The answer must be an exact reprint of the lines from the one with "Experience the moonlit" through the final line of the data, with no pictures included.

→ **AVAILABLE RECORDS**:

★ ★ ★ ★ ★

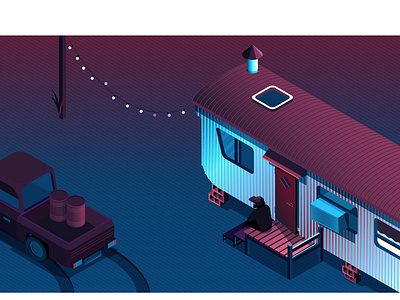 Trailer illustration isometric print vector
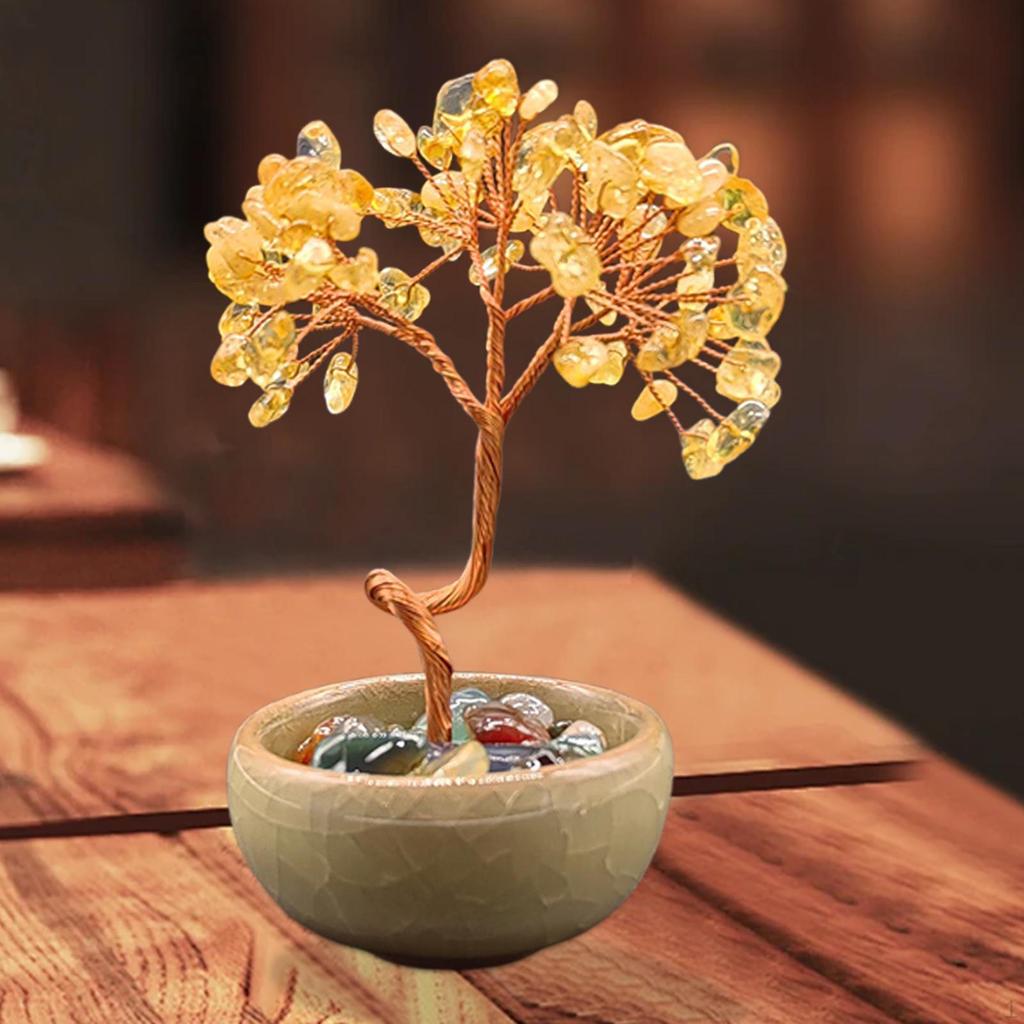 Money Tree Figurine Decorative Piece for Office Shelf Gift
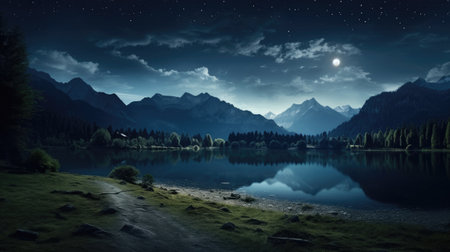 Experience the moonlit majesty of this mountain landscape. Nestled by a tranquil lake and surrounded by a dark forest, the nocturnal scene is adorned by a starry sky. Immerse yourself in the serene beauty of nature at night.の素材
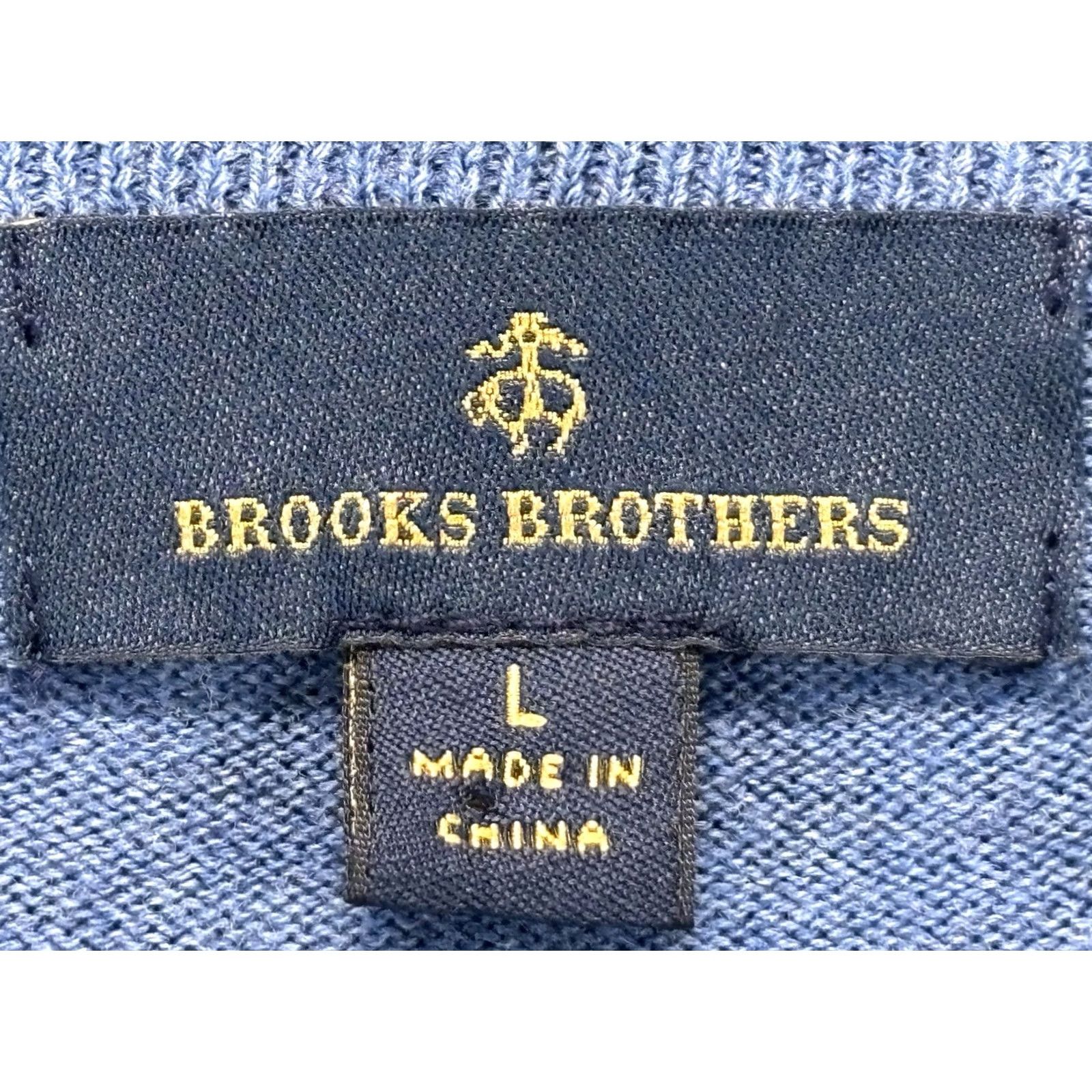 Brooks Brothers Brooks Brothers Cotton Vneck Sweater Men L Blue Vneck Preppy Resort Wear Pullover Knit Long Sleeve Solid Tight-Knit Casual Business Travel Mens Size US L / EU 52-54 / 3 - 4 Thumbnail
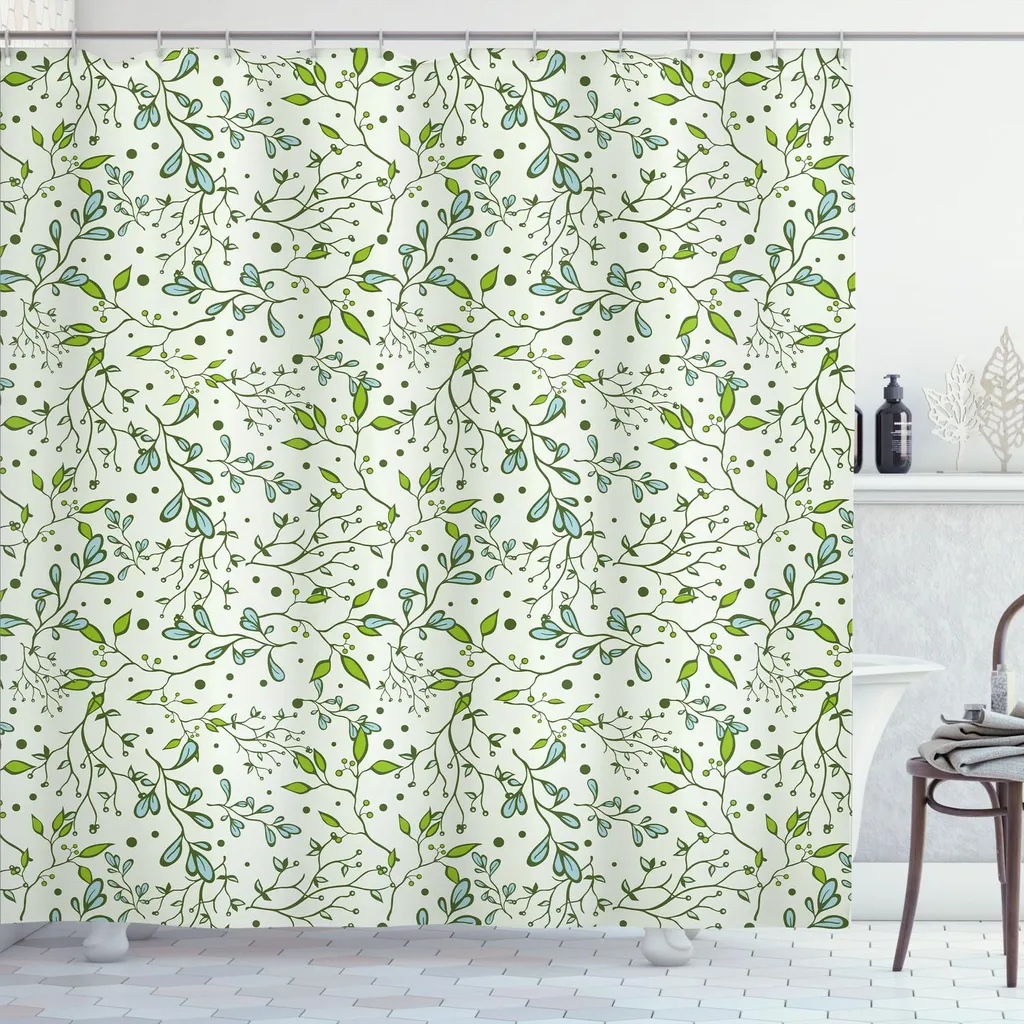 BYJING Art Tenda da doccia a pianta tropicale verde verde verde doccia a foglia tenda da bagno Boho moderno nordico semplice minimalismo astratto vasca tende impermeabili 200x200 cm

★ ★ ★ ★ ★

→ **TASK RESULT**:
 Experience the moonlit majesty of this mountain landscape. Nestled by a tranquil lake and surrounded by a dark forest, the nocturnal scene is adorned by a starry sky. Immerse yourself in the serene beauty of nature at night.の素材
 Brooks Brothers Brooks Brothers Cotton Vneck Sweater Men L Blue Vneck Preppy Resort Wear Pullover Knit Long Sleeve Solid Tight-Knit Casual Business Travel Mens Size US L / EU 52-54 / 3 - 4 Thumbnail
 BYJING Art Tenda da doccia a pianta tropicale verde verde verde doccia a foglia tenda da bagno Boho moderno nordico semplice minimalismo astratto vasca tende impermeabili 200x200 cm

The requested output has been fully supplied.